Generalized Galitskii approach for the vertex function of a Fermi gas with resonant interaction

TL;DR

This paper extends the Galitskii approach to derive the two-particle vertex function for a resonantly interacting Fermi gas, justifying the extrapolation of weakly attractive results into strong coupling and repulsive regimes.

Contribution

It introduces a generalized method for the Bethe-Salpeter equation that accounts for resonant states in Fermi gases, applicable to both normal and condensate phases.

Findings

Vertex function near resonance matches that of weakly attractive Fermi gases.

Supports extrapolation of weak coupling results to strong coupling and repulsive regimes.

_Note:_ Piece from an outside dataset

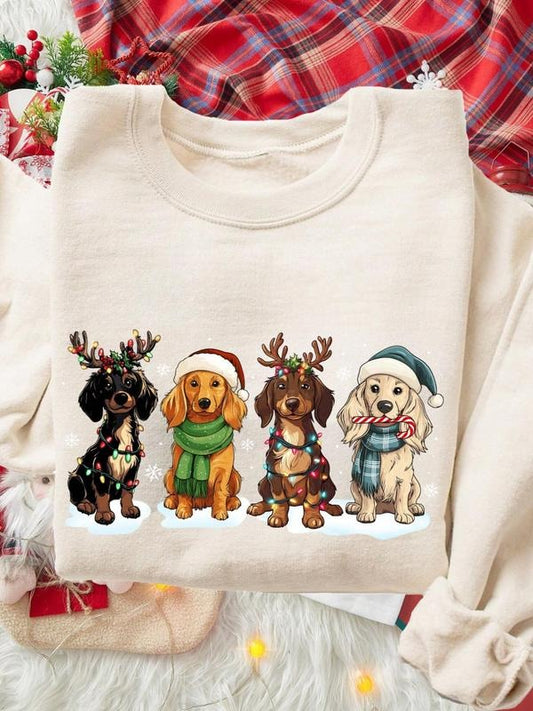 Women's Dog Print Round Neck Sweatshirt, Casual Long Sleeve Crew Neck Pullover for Fall & Winter, Fashion Women's Top for...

Provides a unified framework for resonant Fermi systems.

Abstract

We present a generalized Galitskii approach for the Bethe-Salpeter equation for the two-particle vertex function of a Fermi system with resonant interaction by accounting for the resonant state in the scattering potential and utilizing the universal form of the resonant scattering amplitude. The procedure can be carried out both for the normal as well as for the condensate state. In both cases, the vertex function in the vicinity of the resonance is shown to formally coincide with that obtained for a weakly attractive Fermi gas. Thus we justify the popular calculational framework in which results for the weakly attractive Fermi gas are formally extrapolated into the domain of strong coupling, and further to the repulsive side of the resonance, where molecular states are formed.